Hikayenin anlatıcısı konumundaki Marlow, tıpkı yazarı gibi denizcidir. Çocukluğunda haritalara tutkundur ve gitmeyi şiddetle arzuladığı bir yer vardır. Bu yer ise; “Bir çocuğun zevkle düş kurabileceği beyaz bir leke olmaktan çıkıp karanlık bir yer olmuştur.” Haritadaki o beyazlığı karartan da kitabın baştan sona eleştirdiği Avrupa sömürgesidir. ‘Adeta oraya ışık götüren, özel bir elçi öncü bir misyoner gibi’ bu topraklara giderek oraları kendi karanlıklarında boğan sömürgeci zihniyettir. Marlow heyecanla çıktığı bu yolculuğu “Karabasan hissi veren bezdirici bir hac yolculuğuna” benzetir. Elbette hac benzetmesi de tesadüf değildir. Bu ‘fildişi’ ticareti öyle bir hale gelmiştir ki adeta ibadet eder gibi bu işi yapmaktadırlar.
“Fildişi için ibadet edip yakardıklarını sanırdınız. Ahmakça, yoz bir hırs, bir cesetten yayılan kötü koku dalgası gibi esip her yana bulaşıyordu.”
İnsanların arsız hırsları karşısında doğa adeta ağırbaşlı, merhametli bir anne gibi tasvir edilmektedir. Doğa, olabildiğince sessizdir, bazen ürkütücü boyutta bir sessizliktir bu…
“Ve dışarıda, toprağın üzerinde berraklaşmış zerrecikleri kuşatan ıssız, bakir doğa, tıpkı bu düşsel, gerçek dışı istilanın sabırla geçip gitmesini bekleyen kötülük ya da gerçeklik gibi muazzam ve alt edilmez bir şeymişçesine bir izlenim bırakıyordu bende.”
Öykünün en çarpıcı özelliği ise yazarının kullandığı dildir. Joseph Conrad, Polonya asıllıdır ve İngilizceyi 20 yaşından sonra öğrenmiştir. Sonradan öğrenmiş olduğu bir dille o dilin yazın alanında bir ‘klasik’ ortaya koymuş olmak, yazarının muhteşem dehasını gözler önüne sermektedir.

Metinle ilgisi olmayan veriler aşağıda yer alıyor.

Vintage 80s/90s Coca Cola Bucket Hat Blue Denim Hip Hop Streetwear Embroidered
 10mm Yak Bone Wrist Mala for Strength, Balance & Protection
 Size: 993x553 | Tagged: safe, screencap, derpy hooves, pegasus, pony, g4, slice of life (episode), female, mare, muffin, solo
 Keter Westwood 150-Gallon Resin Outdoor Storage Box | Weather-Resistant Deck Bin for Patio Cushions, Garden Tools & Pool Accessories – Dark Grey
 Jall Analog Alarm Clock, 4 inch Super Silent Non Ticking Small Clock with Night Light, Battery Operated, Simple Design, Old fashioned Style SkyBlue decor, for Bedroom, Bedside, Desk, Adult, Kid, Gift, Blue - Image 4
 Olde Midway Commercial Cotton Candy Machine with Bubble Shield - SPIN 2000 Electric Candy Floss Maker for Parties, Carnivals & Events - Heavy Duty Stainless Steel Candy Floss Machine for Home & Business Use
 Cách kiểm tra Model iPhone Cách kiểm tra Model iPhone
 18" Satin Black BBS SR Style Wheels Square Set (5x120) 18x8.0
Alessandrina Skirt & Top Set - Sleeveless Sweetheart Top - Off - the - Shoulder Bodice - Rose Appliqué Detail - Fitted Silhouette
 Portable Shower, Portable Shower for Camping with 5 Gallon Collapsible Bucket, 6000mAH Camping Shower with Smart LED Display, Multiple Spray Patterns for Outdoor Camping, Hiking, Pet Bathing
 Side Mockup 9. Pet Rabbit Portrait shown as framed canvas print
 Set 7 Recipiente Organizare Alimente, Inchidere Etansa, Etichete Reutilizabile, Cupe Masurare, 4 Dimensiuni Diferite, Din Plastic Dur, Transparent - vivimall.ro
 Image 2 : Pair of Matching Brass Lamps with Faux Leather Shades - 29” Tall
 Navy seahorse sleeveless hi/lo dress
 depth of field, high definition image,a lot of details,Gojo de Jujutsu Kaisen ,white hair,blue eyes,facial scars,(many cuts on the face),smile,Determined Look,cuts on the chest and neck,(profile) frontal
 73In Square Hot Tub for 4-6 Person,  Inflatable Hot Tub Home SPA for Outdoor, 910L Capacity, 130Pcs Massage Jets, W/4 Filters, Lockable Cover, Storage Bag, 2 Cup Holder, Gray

Yazarın yıllarca denizcilik yaparak çok sayıda ülke görmüş olması elbette yaptığı güçlü gözlemler adına önemli ölçüde imkan sağlamıştır. Fakat onu en fazla tesiri altında bırakan ‘Kongo’ ya yaptığı yolculuk olmuştur. En yakın arkadaşı Edward Garnett, bu yolculuk için “bir denizciden bir yazara dönüşümünü” sağladığını söylemektedir.
T. S. Eliot, “The Hallow Men” (İçi Boş -Kof- Adamlar) şiirinin giriş kısmında öyküden bir bölümü alıntılayarak Conrad’e en güzel teşekkürü sunmuştur.
“İçleri boş adamlarız
İçleri doldurulmuş adamlarız
Birbirimize yaslanırız
Samanla doldurulmuş kafa parçalarımız.
Heyhat! Kurumuş tınımız,
Birlikte fısıldadığımız
Suskuncadır ve anlamsız
Kuru çimdeki rüzgâr misali
Ya da kırık cam üstündeki
Sıçanların ayaklarıdır kuru mahzenimizde.”
Kitapta kullanılan üslup öyle nazik ki iki türlü yorumlayabiliyorsunuz. Öykü bittiğinde hem gerçekten ırkçılığı sorguluyorsunuz hem de kendinizi ve yakın çevrenizi. Bir gemiye binip dünyanın öbür ucuna gitmenize gerek yok, maalesef bazen karanlık yürekler etrafımızda o kadar çok ki fark bile edemiyoruz. Hırslarımız ‘fildişi’, ezip geçtiğimiz değerler, insanlar Kongo halkı, doğa yine aynı doğa. Asırlardır garip hırslarımızın biricik seyircisi…
Zaten bunca zaman insana en büyük zararı veren yine kendi soyu olan insan değil mi?